===== DATA EXTRACT
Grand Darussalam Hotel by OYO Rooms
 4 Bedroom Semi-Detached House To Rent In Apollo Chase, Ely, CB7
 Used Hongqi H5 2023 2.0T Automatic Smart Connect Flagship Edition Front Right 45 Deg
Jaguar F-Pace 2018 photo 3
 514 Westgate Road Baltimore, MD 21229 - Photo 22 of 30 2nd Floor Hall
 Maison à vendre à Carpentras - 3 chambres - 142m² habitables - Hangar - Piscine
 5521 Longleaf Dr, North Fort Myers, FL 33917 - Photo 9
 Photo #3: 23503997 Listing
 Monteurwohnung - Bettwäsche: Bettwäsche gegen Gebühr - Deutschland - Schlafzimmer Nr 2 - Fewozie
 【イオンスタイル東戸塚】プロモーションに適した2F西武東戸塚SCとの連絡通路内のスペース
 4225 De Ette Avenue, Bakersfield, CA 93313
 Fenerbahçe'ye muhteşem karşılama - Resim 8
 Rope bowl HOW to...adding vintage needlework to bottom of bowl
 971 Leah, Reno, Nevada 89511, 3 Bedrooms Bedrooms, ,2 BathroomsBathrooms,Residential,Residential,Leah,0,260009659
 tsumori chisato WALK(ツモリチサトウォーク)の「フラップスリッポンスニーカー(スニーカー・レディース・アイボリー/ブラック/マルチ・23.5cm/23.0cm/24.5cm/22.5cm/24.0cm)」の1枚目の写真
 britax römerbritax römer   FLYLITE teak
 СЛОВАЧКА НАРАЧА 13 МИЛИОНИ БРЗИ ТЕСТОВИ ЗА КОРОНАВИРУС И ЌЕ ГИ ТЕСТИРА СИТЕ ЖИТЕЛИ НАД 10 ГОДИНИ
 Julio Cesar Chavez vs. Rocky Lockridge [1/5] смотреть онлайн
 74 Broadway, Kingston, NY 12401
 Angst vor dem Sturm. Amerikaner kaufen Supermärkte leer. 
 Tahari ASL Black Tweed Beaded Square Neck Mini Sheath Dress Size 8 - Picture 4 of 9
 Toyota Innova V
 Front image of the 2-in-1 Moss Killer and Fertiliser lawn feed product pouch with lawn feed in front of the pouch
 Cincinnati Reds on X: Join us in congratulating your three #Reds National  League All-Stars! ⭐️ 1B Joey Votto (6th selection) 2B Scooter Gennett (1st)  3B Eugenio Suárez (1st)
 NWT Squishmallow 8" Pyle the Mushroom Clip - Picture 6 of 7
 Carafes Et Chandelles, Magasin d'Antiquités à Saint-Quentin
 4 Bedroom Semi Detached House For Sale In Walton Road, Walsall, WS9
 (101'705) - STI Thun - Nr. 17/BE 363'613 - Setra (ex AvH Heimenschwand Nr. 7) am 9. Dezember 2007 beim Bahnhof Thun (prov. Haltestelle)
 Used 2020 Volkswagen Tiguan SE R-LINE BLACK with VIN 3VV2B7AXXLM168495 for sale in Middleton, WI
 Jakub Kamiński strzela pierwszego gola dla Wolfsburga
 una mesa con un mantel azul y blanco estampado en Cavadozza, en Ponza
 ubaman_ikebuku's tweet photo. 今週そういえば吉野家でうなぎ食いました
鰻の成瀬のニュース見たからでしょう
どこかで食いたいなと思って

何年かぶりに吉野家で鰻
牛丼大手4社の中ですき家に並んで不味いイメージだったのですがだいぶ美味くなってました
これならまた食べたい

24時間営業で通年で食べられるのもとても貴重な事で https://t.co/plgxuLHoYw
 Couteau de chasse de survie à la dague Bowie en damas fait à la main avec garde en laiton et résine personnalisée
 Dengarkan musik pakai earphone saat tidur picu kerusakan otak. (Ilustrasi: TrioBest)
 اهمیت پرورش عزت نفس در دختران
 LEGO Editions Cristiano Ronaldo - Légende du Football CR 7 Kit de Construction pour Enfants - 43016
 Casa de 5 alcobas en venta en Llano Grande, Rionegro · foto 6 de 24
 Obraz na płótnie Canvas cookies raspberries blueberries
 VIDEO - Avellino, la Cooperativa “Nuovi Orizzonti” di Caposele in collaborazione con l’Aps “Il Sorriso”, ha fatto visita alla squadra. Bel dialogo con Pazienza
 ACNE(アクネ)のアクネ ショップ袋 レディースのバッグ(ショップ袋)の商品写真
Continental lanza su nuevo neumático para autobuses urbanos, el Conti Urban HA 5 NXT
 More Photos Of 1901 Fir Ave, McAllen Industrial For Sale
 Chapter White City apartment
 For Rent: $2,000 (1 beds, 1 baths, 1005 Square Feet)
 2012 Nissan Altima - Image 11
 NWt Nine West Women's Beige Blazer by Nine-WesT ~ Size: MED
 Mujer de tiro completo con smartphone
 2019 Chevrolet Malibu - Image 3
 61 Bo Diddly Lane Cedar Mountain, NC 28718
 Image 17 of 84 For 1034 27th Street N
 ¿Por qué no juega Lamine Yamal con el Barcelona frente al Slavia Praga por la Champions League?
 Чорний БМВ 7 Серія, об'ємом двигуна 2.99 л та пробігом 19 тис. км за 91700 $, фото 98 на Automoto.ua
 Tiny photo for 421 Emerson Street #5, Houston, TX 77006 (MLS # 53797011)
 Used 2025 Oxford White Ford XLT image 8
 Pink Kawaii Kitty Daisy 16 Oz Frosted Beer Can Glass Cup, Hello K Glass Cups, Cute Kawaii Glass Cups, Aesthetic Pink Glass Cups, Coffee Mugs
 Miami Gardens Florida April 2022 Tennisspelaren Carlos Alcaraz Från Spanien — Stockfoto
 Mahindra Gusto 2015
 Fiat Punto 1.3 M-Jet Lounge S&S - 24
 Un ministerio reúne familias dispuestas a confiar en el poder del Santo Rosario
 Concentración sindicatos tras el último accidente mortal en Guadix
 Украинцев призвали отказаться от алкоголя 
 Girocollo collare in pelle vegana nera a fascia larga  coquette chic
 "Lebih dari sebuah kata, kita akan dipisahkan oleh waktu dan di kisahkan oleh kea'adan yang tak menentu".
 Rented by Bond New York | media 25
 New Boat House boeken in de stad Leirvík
==========
EXERCISE DETAILS:
Above are the records; copy exactly the lines from the line with "Maison à vendre" through the line with "Rope bowl HOW", both included.

ANSWER:
 Maison à vendre à Carpentras - 3 chambres - 142m² habitables - Hangar - Piscine
 5521 Longleaf Dr, North Fort Myers, FL 33917 - Photo 9
 Photo #3: 23503997 Listing
 Monteurwohnung - Bettwäsche: Bettwäsche gegen Gebühr - Deutschland - Schlafzimmer Nr 2 - Fewozie
 【イオンスタイル東戸塚】プロモーションに適した2F西武東戸塚SCとの連絡通路内のスペース
 4225 De Ette Avenue, Bakersfield, CA 93313
 Fenerbahçe'ye muhteşem karşılama - Resim 8
 Rope bowl HOW to...adding vintage needlework to bottom of bowl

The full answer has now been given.